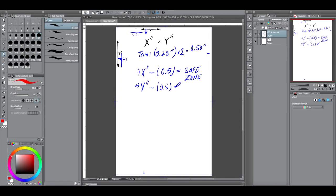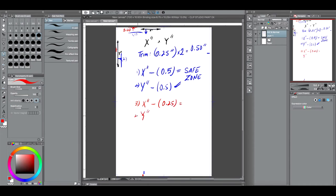We'll do the same thing for the bleed, which is 0.125 inches. You have to add — not subtract — because we're going outward from the final size. You multiply the bleed by 2, because you have it on both sides, so that becomes 0.25 inches. Add that to your comic book dimension X and Y, and this gives us the bleed.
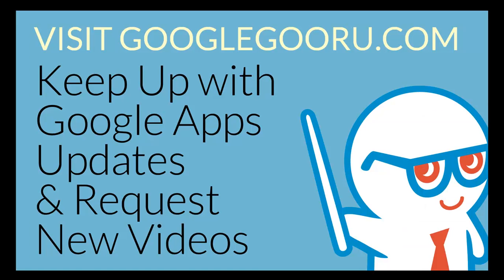As you can see, there's all sorts of cool features that you can utilize within the Google Plus interface. And you can have up to 10 people in a Google Plus Hangout, which is pretty amazing. Tune in next time with the Google Guru.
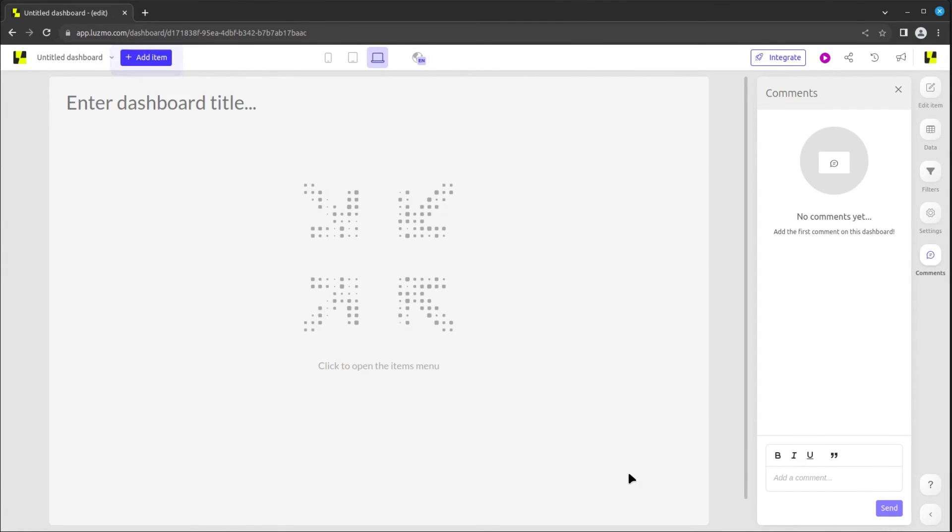In the next lesson, we'll kickstart the dashboard creation process by adding our first chart.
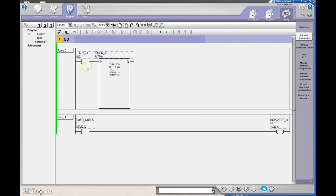Recall from the previous video: an on-delay timer - think of the input as the coil of an actual relay and the Q done bit as the contacts. When you energize the timer it takes a little bit of time before the contacts change state. Once the preset equals the accumulated value the contacts change state and the done bit sets. With an on-delay timer, if you de-energize it the contacts go right back to their rest state and the accumulated value resets to zero.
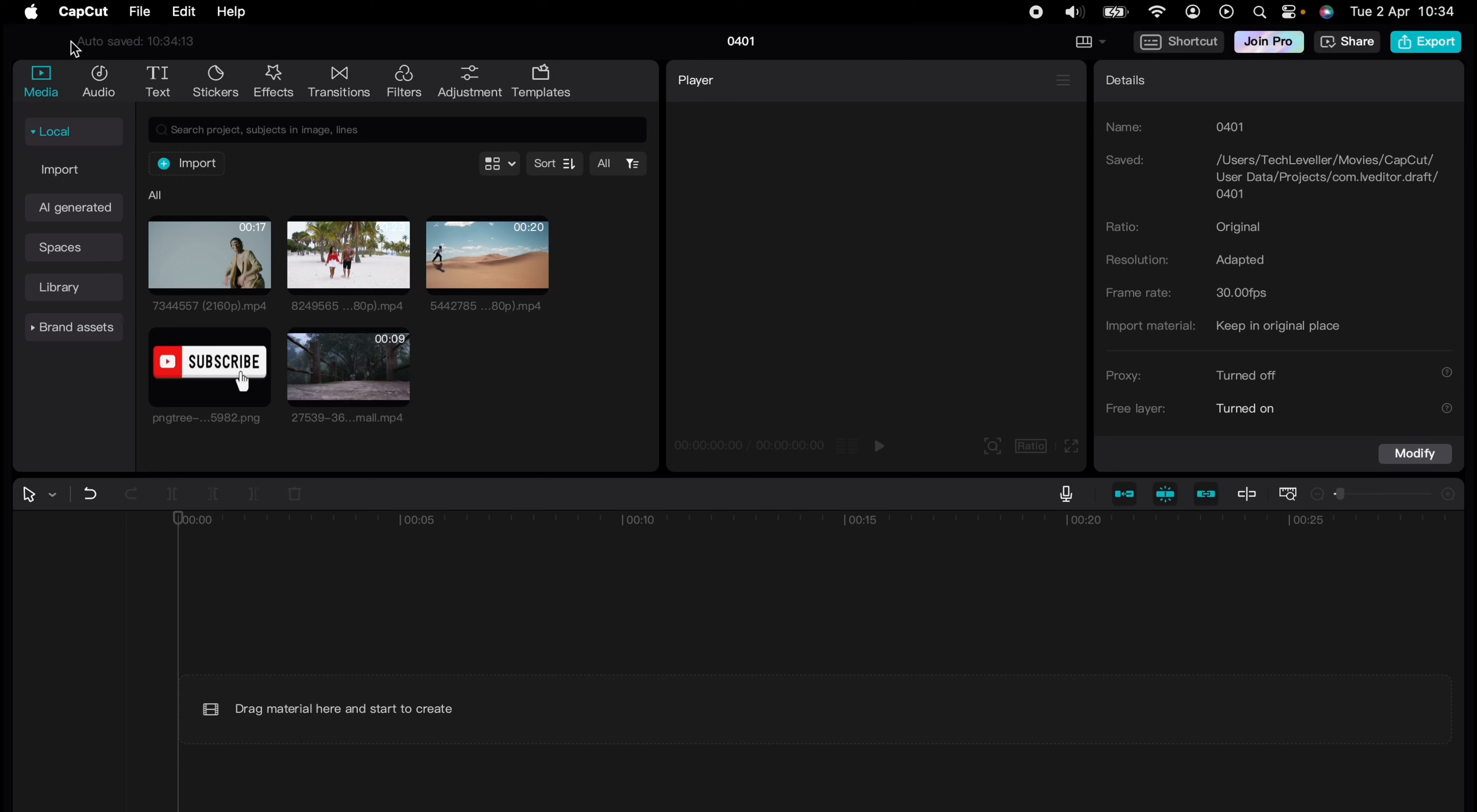Are you ready to master CapCut in minutes? Whether you're a beginner or an expert, we've got you covered. This is part of our library of quick CapCut tutorials for easy editing solutions. And now I'm going to show you how to do slow motion on CapCut.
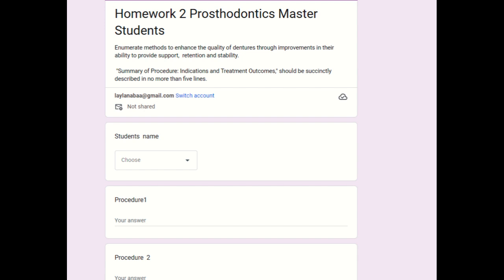We'll also cover denture quality improvements — changing dentures into other occlusal schemes, for example moving beyond conventional balanced occlusion. We'll discuss mandibular discrepancies, such as a wide mandible with a small maxilla or the opposite, and how changing denture design can increase stability, support, or retention.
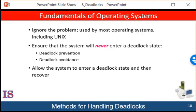To ensure that deadlocks never occur, the system can use either a deadlock prevention or a deadlock avoidance scheme. Deadlock prevention provides a set of methods to ensure that at least one necessary condition — mutual exclusion, hold and wait, no preemption, or circular wait — cannot hold. These methods prevent deadlocks by constraining how a request for resources can be made.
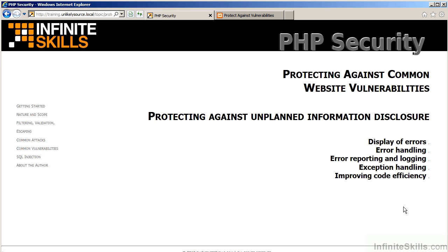In this video, we will cover Part 1 of protecting against unplanned information disclosure. We will discuss displaying of errors, error handling, and error reporting and logging. In Part 2, we will examine exception handling and improving code efficiency.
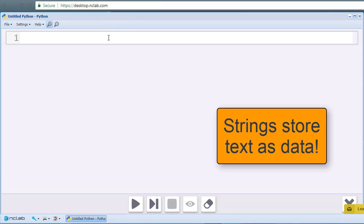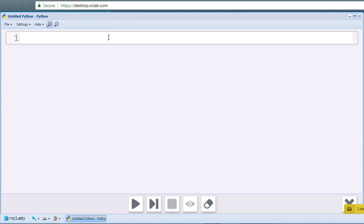In this video, we will look at basic string formatting and operations. Let's start by creating two variables, text1 and text2.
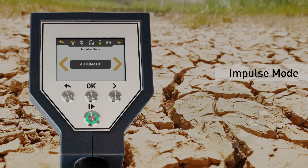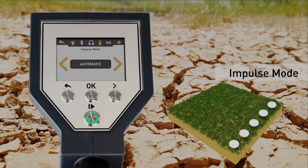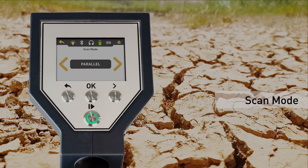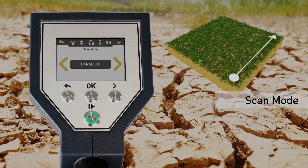The impulse mode defines how the single impulses are released by the metal detector. Here we have used automatic — each measure value is recorded automatically and continuously without any breaks. The scan mode defines the direction on the scan field. We recommend the easier mode parallel, which is used to scan all scan lines in the same direction.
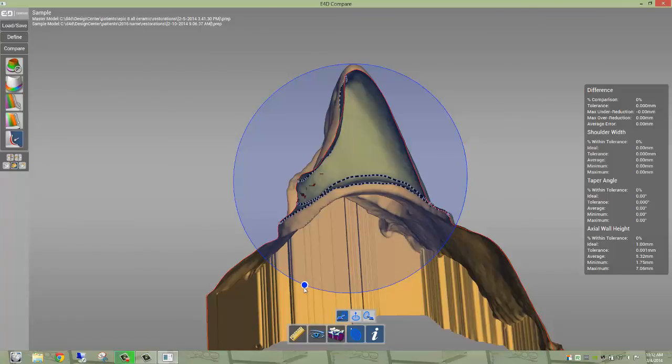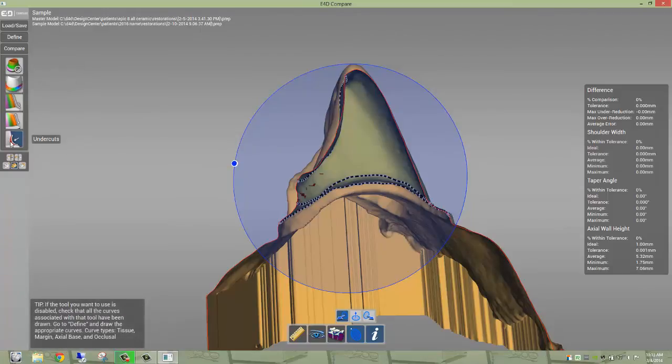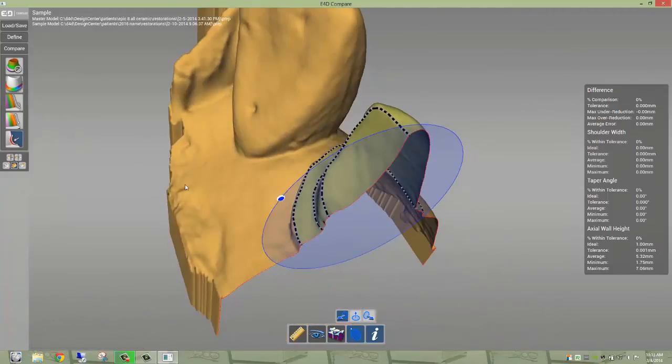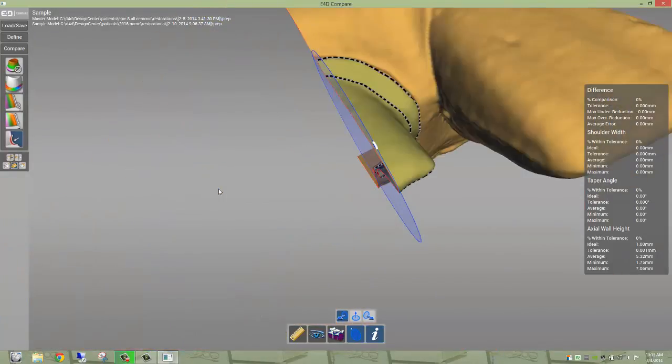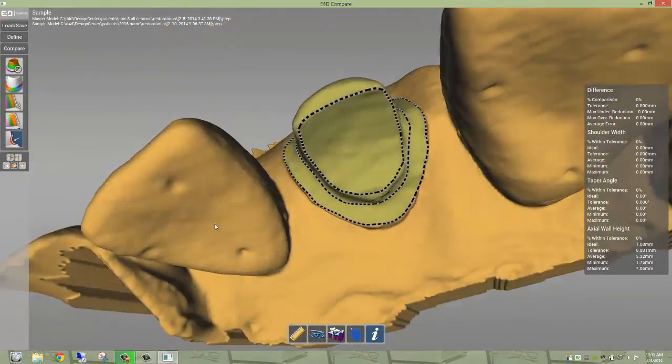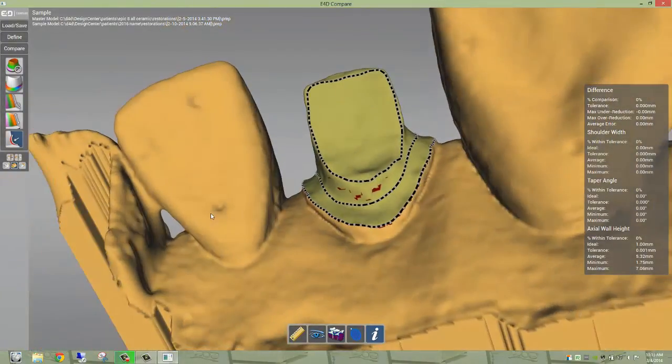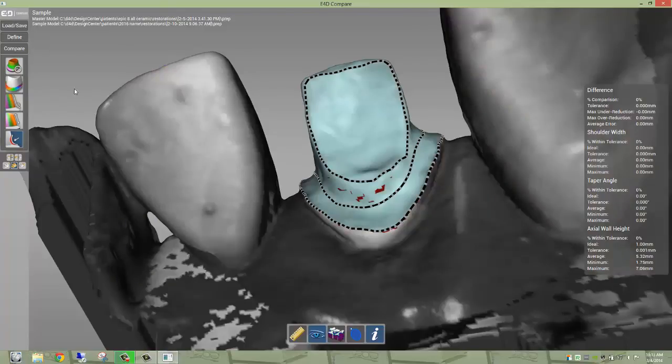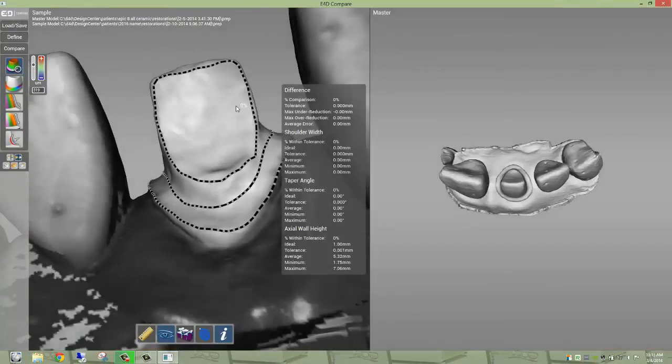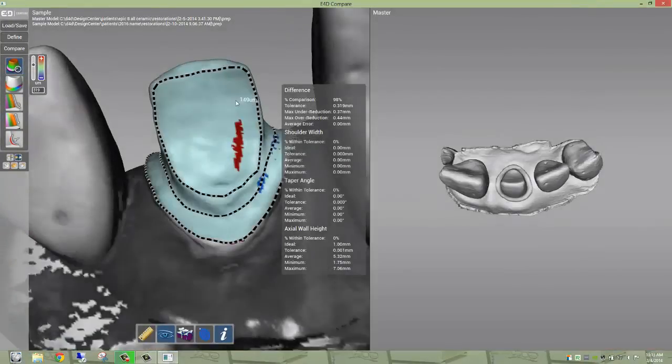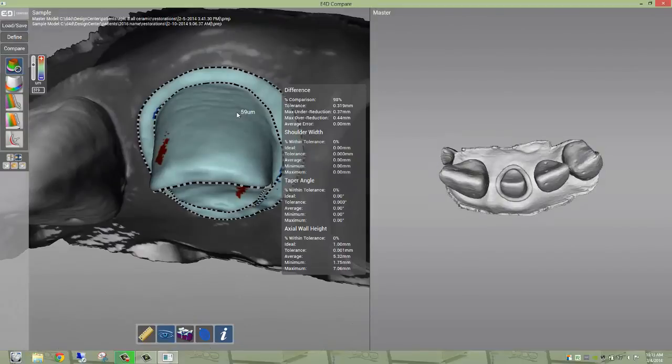And so that's basically what we do here. We utilize mainly the compute difference, the shoulder width, and the undercut gauge. Students typically take between three to five minutes to evaluate their preparation from start to finish. That includes scanning time, which typically takes under a minute. And we feel like this has transformed the way that we evaluate preparations and feel that it's the future of assessment, not only self-assessment, but also as a tool to allow faculty to objectively assign a grade to student preparation.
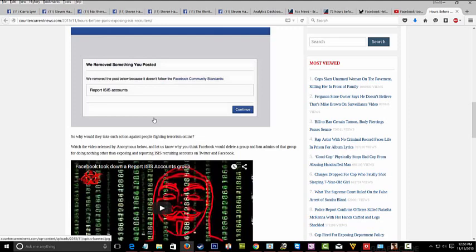When are we going to hold them accountable? It's ridiculous. Now here's the Anonymous video.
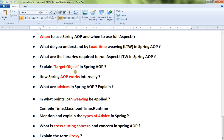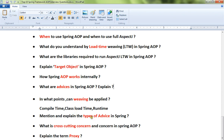Seventeenth: explain the target object in Spring AOP. Eighteenth: how does Spring AOP work internally? Nineteenth: what are advices in Spring AOP? Twentieth: at what points can weaving be applied — compile time, class load time, and runtime?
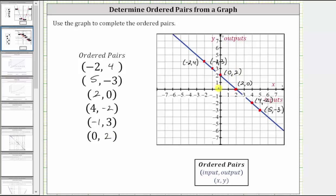One more thing to mention: notice how the line intersects the horizontal axis at two comma zero. This is called the horizontal intercept of the graph. And the line intersects the vertical axis at this point represented by the ordered pair zero comma two. Zero comma two is the vertical intercept of the graph. I hope you found this helpful.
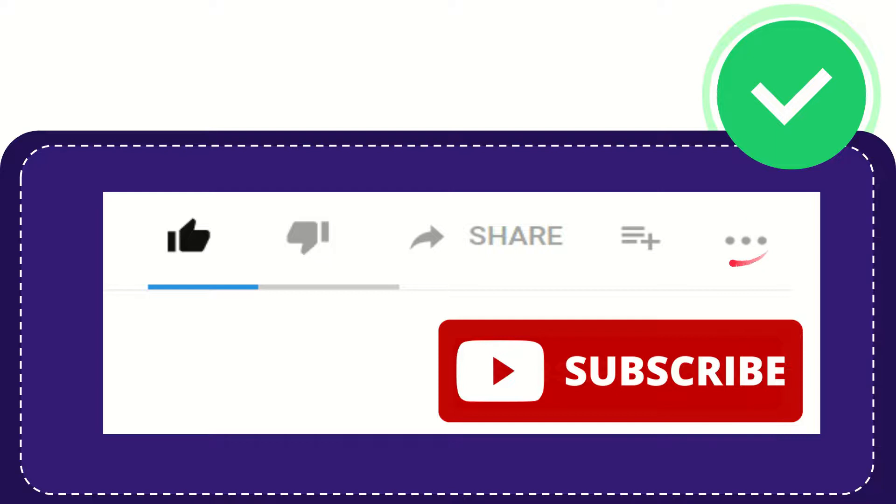I think that's all of it. Thank you so much for watching this video, and see you again in another video. Bye bye, see you again.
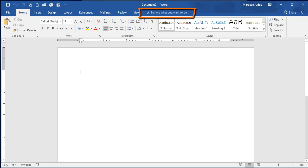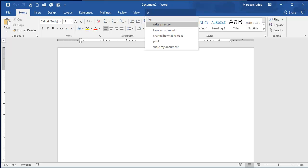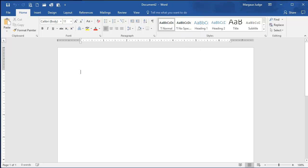You may notice the Tell Me What You Want to Do Here text at the end of the tab names. This is new in 2016 and basically replaces the Search for Help feature. Your instructor will go over this and a few other new features in class.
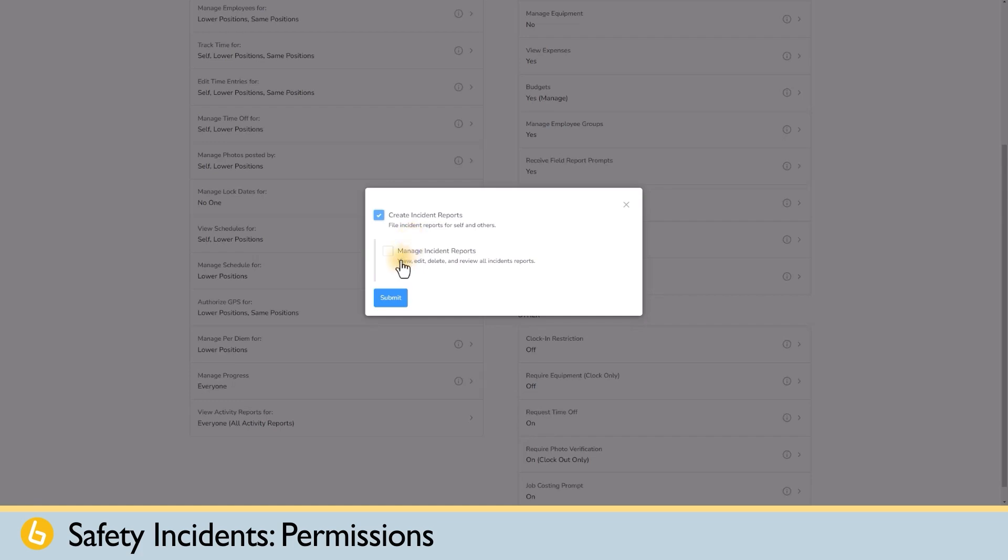The deeper permission level allows for a position to manage incident reports. This means that in addition to creating and filing incident reports, the position can view, edit, delete, and review all incident reports.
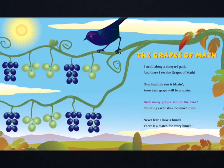Never fear, I have a hunch. There is a match for every bunch.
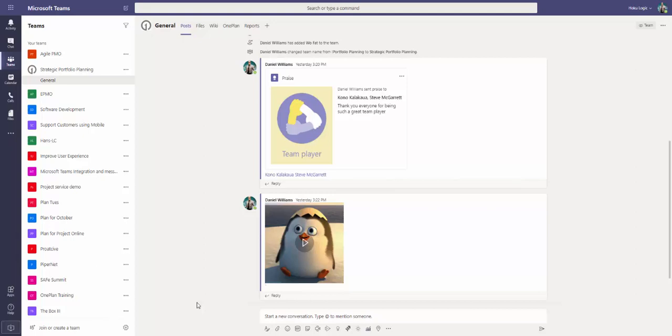This is a demonstration of OnePlan's Portfolio Planning Edition. OnePlan is a modern, cloud-based solution that combines strategic top-down planning with bottoms-up execution. Today, we will be focusing on portfolio-level planning and tracking.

### ASSIGNMENT
Please output the material as written, apart from the images.

### ANSWER AREA
We'll do the same thing for the bleed, which is 0.125 inches. You have to add — not subtract — because we're going outward from the final size. You multiply the bleed by 2, because you have it on both sides, so that becomes 0.25 inches. Add that to your comic book dimension X and Y, and this gives us the bleed.
As you can see, there's all sorts of cool features that you can utilize within the Google Plus interface. And you can have up to 10 people in a Google Plus Hangout, which is pretty amazing. Tune in next time with the Google Guru.
In the next lesson, we'll kickstart the dashboard creation process by adding our first chart.
Recall from the previous video: an on-delay timer - think of the input as the coil of an actual relay and the Q done bit as the contacts. When you energize the timer it takes a little bit of time before the contacts change state. Once the preset equals the accumulated value the contacts change state and the done bit sets. With an on-delay timer, if you de-energize it the contacts go right back to their rest state and the accumulated value resets to zero.
Are you ready to master CapCut in minutes? Whether you're a beginner or an expert, we've got you covered. This is part of our library of quick CapCut tutorials for easy editing solutions. And now I'm going to show you how to do slow motion on CapCut.
We'll also cover denture quality improvements — changing dentures into other occlusal schemes, for example moving beyond conventional balanced occlusion. We'll discuss mandibular discrepancies, such as a wide mandible with a small maxilla or the opposite, and how changing denture design can increase stability, support, or retention.
To ensure that deadlocks never occur, the system can use either a deadlock prevention or a deadlock avoidance scheme. Deadlock prevention provides a set of methods to ensure that at least one necessary condition — mutual exclusion, hold and wait, no preemption, or circular wait — cannot hold. These methods prevent deadlocks by constraining how a request for resources can be made.
In this video, we will cover Part 1 of protecting against unplanned information disclosure. We will discuss displaying of errors, error handling, and error reporting and logging. In Part 2, we will examine exception handling and improving code efficiency.
In this video, we will look at basic string formatting and operations. Let's start by creating two variables, text1 and text2.
The impulse mode defines how the single impulses are released by the metal detector. Here we have used automatic — each measure value is recorded automatically and continuously without any breaks. The scan mode defines the direction on the scan field. We recommend the easier mode parallel, which is used to scan all scan lines in the same direction.
And so that's basically what we do here. We utilize mainly the compute difference, the shoulder width, and the undercut gauge. Students typically take between three to five minutes to evaluate their preparation from start to finish. That includes scanning time, which typically takes under a minute. And we feel like this has transformed the way that we evaluate preparations and feel that it's the future of assessment, not only self-assessment, but also as a tool to allow faculty to objectively assign a grade to student preparation.
When are we going to hold them accountable? It's ridiculous. Now here's the Anonymous video.
Seventeenth: explain the target object in Spring AOP. Eighteenth: how does Spring AOP work internally? Nineteenth: what are advices in Spring AOP? Twentieth: at what points can weaving be applied — compile time, class load time, and runtime?
One more thing to mention: notice how the line intersects the horizontal axis at two comma zero. This is called the horizontal intercept of the graph. And the line intersects the vertical axis at this point represented by the ordered pair zero comma two. Zero comma two is the vertical intercept of the graph. I hope you found this helpful.
I think that's all of it. Thank you so much for watching this video, and see you again in another video. Bye bye, see you again.
You may notice the Tell Me What You Want to Do Here text at the end of the tab names. This is new in 2016 and basically replaces the Search for Help feature. Your instructor will go over this and a few other new features in class.
The deeper permission level allows for a position to manage incident reports. This means that in addition to creating and filing incident reports, the position can view, edit, delete, and review all incident reports.
Never fear, I have a hunch. There is a match for every bunch.
This is a demonstration of OnePlan's Portfolio Planning Edition. OnePlan is a modern, cloud-based solution that combines strategic top-down planning with bottoms-up execution. Today, we will be focusing on portfolio-level planning and tracking.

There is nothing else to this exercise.